This document has been produced by the W3C Technical Architecture Group (TAG) to address TAG issue metadataInURI-31. The TAG approved this finding at its 11 December 2006 face to face meeting.
The terms MUST, MUST NOT, SHOULD, and SHOULD NOT are used in this document in accordance with [RFC2119].
Additional TAG findings, both approved and in draft state, may also be available. The TAG may incorporate this and other findings into future versions of the [AWWW].
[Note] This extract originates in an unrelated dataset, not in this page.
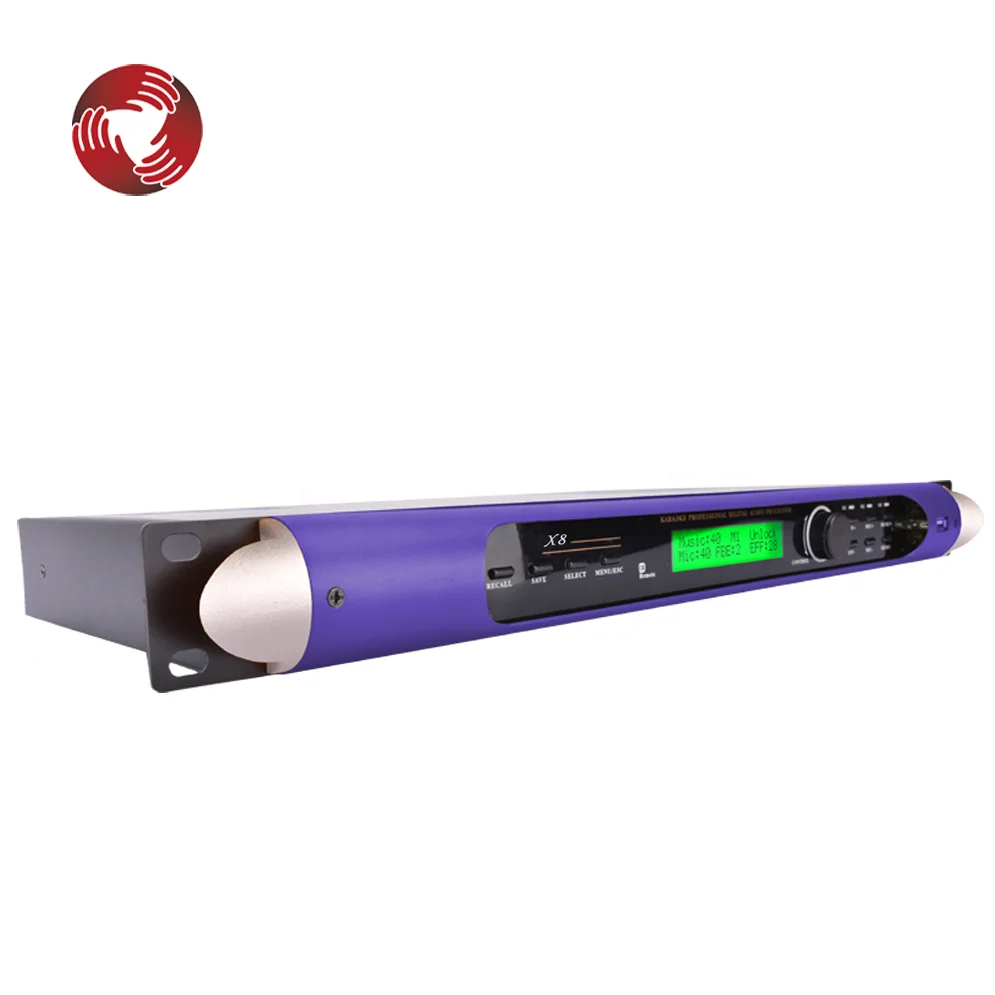 Digital-Echo-Reverb-Sound-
Please send comments on this finding to the publicly archived TAG mailing list www-tag@w3.org (archive).
1 Introduction
2 Encoding and using metadata in URIs
2.1 Reliability of URI metadata
2.2 Guessing information from a URI
2.3 HTML Forms, and Documenting Metadata Assignment Policies
2.4 Authority use of URI metadata
2.5 URIs that are convenient for people to use
2.6 Changing metadata
2.7 Hiding metadata for security reasons
2.8 Confusing or malicious metadata
3 Conclusions
4 References
Web-based software uses URIs to identify resources. The authority who assigns a URI is responsible for assuring that it is associated with the intended resource, and that operations targeted to the URI manipulate or return the appropriate data. Many URI schemes offer a flexible structure that can also be used to carry additional information, called metadata, about the resource. Such metadata might include the title of a document, the creation date of the resource, the MIME media type that is likely to be returned by an HTTP GET, a digital signature usable to verify the integrity or authorship of the resource content, or hints about URI assignment policies that would allow one to guess the URIs for related resources.
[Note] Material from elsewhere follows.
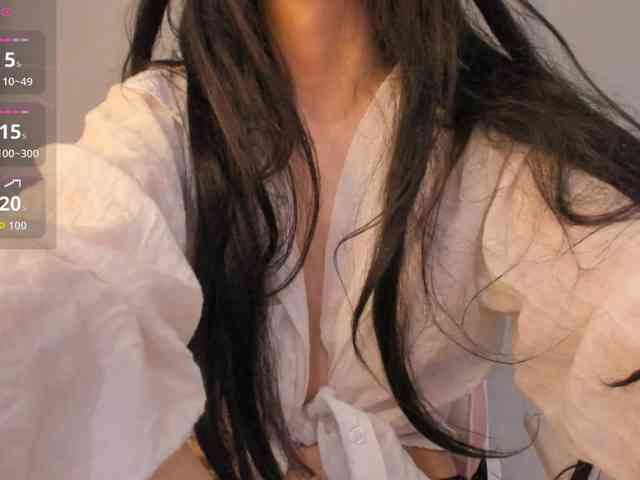 mikasa_sweety webcam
This finding addresses several questions regarding such metadata in URIs:
What information about a resource can or should be embedded in its URI?
What metadata can be reliably determined from a URI, and in what circumstances is it appropriate to rely on the correctness of such information?
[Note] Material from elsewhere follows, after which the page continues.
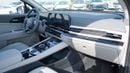 Kia Sportage Brand New 2026 Kia Sportage (N-KIA-SPO-2WD-26) Mid  1.5L Turbo | 4-Cylinder | SUV | GCC Specs | 2WD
In what circumstances is it appropriate to use information from a URI as a hint as to the nature of a resource or its representations?
The first question is primarily of concern to URI assignment authorities, who must choose a suitable URI for each resource they control. The other questions are focused on people and software making use of URIs, whether at the resource authority or elsewhere. Of course, the questions are related insofar as one reason for an authority to encode metadata is for the benefit of resource users.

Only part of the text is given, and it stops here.